From below Leo tugged at my pant leg. “Hang back,” he said quietly. I stepped a foot and hand off the trail and rested, chest heaving, and let a couple guys go by. Leo stopped behind me.

“How far’s this fucking thing go on?” Doubek panted, climbing past. He lifted his head to see and the jungle up above us went nuts. The wall of leaves jittered and blurred and the noise of all the fire at once was a pandemonium.

Doubek’s shirt came alive from the inside and he spread-eagled out past me and pinwheeled down the slope, crashing through the undergrowth. His helmet sailed off in another direction. We all gripped the mud, hugging the slope. Leaves, sticks, bark, and splinters flew and spun, popping from trees. The noise sucked the air out of us. It stopped my ability to think. I was under a little lip of overhang with Leo below me. My boots kicked through a mat of stems. Thorns tore at my cheek. I was clawing and looking to burrow. Some guys were firing back but I wasn’t one of them. The firing went on and then it stopped in front of us and after a minute you could hear the CO screaming to cease fire.

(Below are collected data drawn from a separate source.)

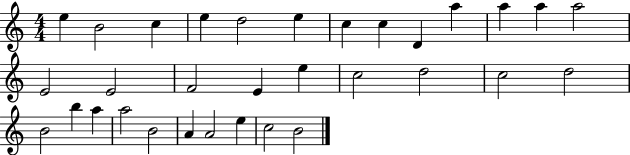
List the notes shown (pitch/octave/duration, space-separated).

E5/q B4/h C5/q E5/q D5/h E5/q C5/q C5/q D4/q A5/q A5/q A5/q A5/h E4/h E4/h F4/h E4/q E5/q C5/h D5/h C5/h D5/h B4/h B5/q A5/q A5/h B4/h A4/q A4/h E5/q C5/h B4/h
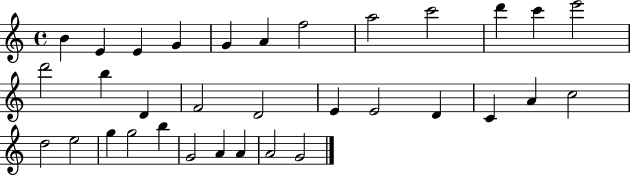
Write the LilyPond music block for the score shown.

{
  \clef treble
  \time 4/4
  \defaultTimeSignature
  \key c \major
  b'4 e'4 e'4 g'4 | g'4 a'4 f''2 | a''2 c'''2 | d'''4 c'''4 e'''2 | \break d'''2 b''4 d'4 | f'2 d'2 | e'4 e'2 d'4 | c'4 a'4 c''2 | \break d''2 e''2 | g''4 g''2 b''4 | g'2 a'4 a'4 | a'2 g'2 | \break \bar "|."
}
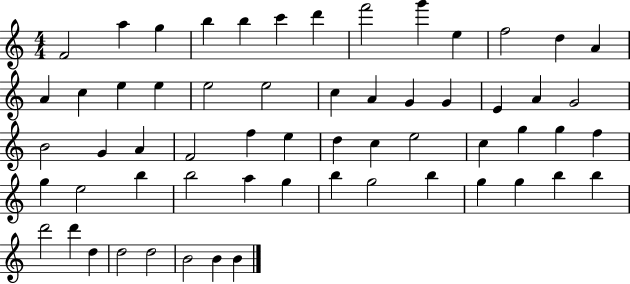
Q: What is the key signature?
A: C major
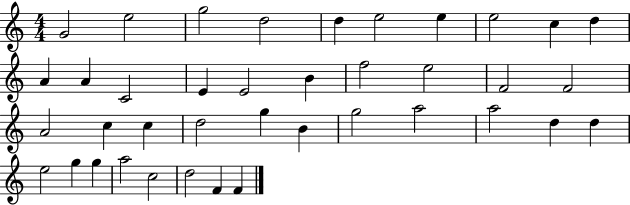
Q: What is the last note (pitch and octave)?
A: F4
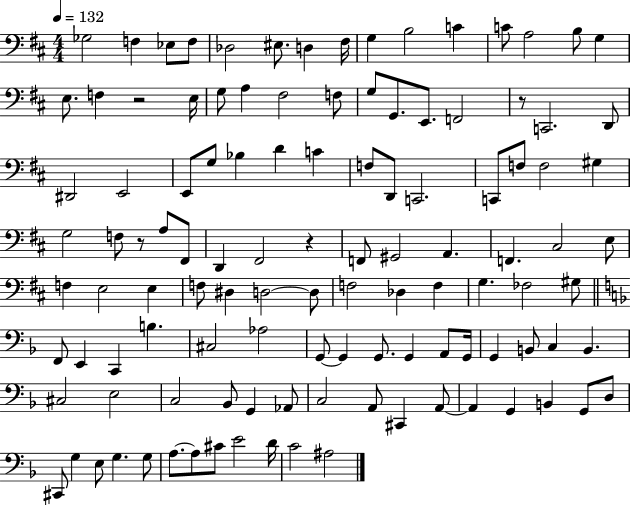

When the last of our guys did, the sound of the rain came back. And some whimpering and cursing. The CO and one of the staff sergeants shouted orders. Leo had to crawl up and over me before I could bring myself to move. He thought I was dead.

“How is he?” the CO called up to him.

“Untouched,” Leo called back down.

“What about the other guys?” the CO wanted to know. I could see him twenty feet below us, one shoulder dug in, his outer arm cradling his carbine. Every so often he had to stick a heel back in the mud to keep from sliding. He meant the guys ahead of me. There’d been about six of them.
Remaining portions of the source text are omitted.